Tuscania – Teatro Il Rivellino
23 febbraio 2014 – ore 21
con Gennaro Cannavacciuolo, Enzo Casertano, Antonio Grosso, Antonello Pascale, Roberta Azzarone
regia Paolo Triestino

CREDITI
di Antonio Grosso
con Gennaro Cannavacciuolo, Enzo Casertano, Antonio Grosso, Antonello Pascale, Roberta Azzarone
regia Paolo Triestino
luci Luigi Ascione
scene Alessandra Ricci
costumi Adelia Apostolico

SINOSSI
Mio figlio?
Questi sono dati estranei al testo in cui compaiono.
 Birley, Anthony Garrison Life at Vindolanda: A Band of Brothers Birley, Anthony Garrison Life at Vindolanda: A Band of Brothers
È sempre stato curioso. Una volta mi disse: papà, ma davvero esiste il paradiso? Non c’è padre che possa fornire questa risposta pensando di poter essere preceduto, in questo passaggio ultraterreno, dal proprio figlio. È un dolore senza nome perché inverte le leggi della Natura e come tutte le cose contro Natura ha in sé qualcosa di abominevole. Un padre e un figlio, un figlio e il suo papà: un legame ovviamente profondo e viscerale, un legame che porta l’uomo della nostra storia, un padre, appunto, a vivere emozioni forti e profonde. Vedere il figlio nascere, crescere, diventare uomo e…
Ne “l’invisibile che c’è” tutto rimane sospeso, tutto orbita intorno a quella ´e`. E come il modellino di un trenino elettrico, dove tutto funziona in virtù della perfezione di una serie infinita di minuscoli meccanismi, così le nostre esistenze scorrono fino a quando qualcosa non inceppa quei meccanismi e tutto si blocca, si complica e anche percorrere pochi metri diventa un’impresa improba.
La vita, si sa, è imprevedibile, ma cosa accadrebbe se lo diventasse anche la morte?